* **What the task asks**: Using the records below, write out again exactly the lines that begin at the line containing "Geberit IR-Elektronik zu" and end at the line containing "对标国际一流，到底要对标什么", and no other lines.

* **Information given**:
--------------------------------
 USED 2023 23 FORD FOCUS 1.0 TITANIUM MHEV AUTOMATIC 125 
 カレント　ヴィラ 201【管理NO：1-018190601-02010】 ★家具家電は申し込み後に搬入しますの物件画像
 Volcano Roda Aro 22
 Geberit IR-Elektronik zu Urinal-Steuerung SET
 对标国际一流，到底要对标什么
--------------------------------
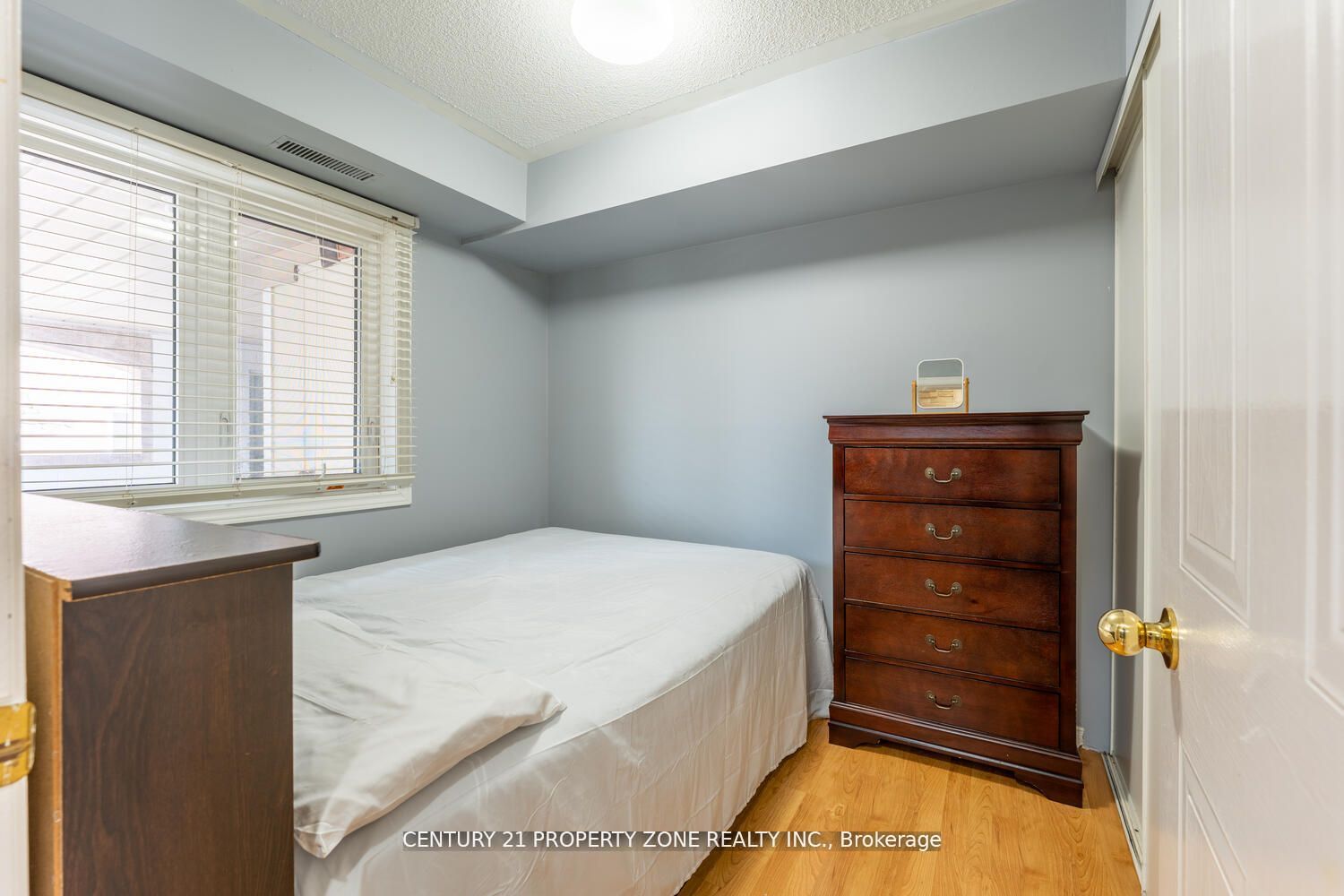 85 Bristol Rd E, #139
--------------------------------
* **Task result**:
 Geberit IR-Elektronik zu Urinal-Steuerung SET
 对标国际一流，到底要对标什么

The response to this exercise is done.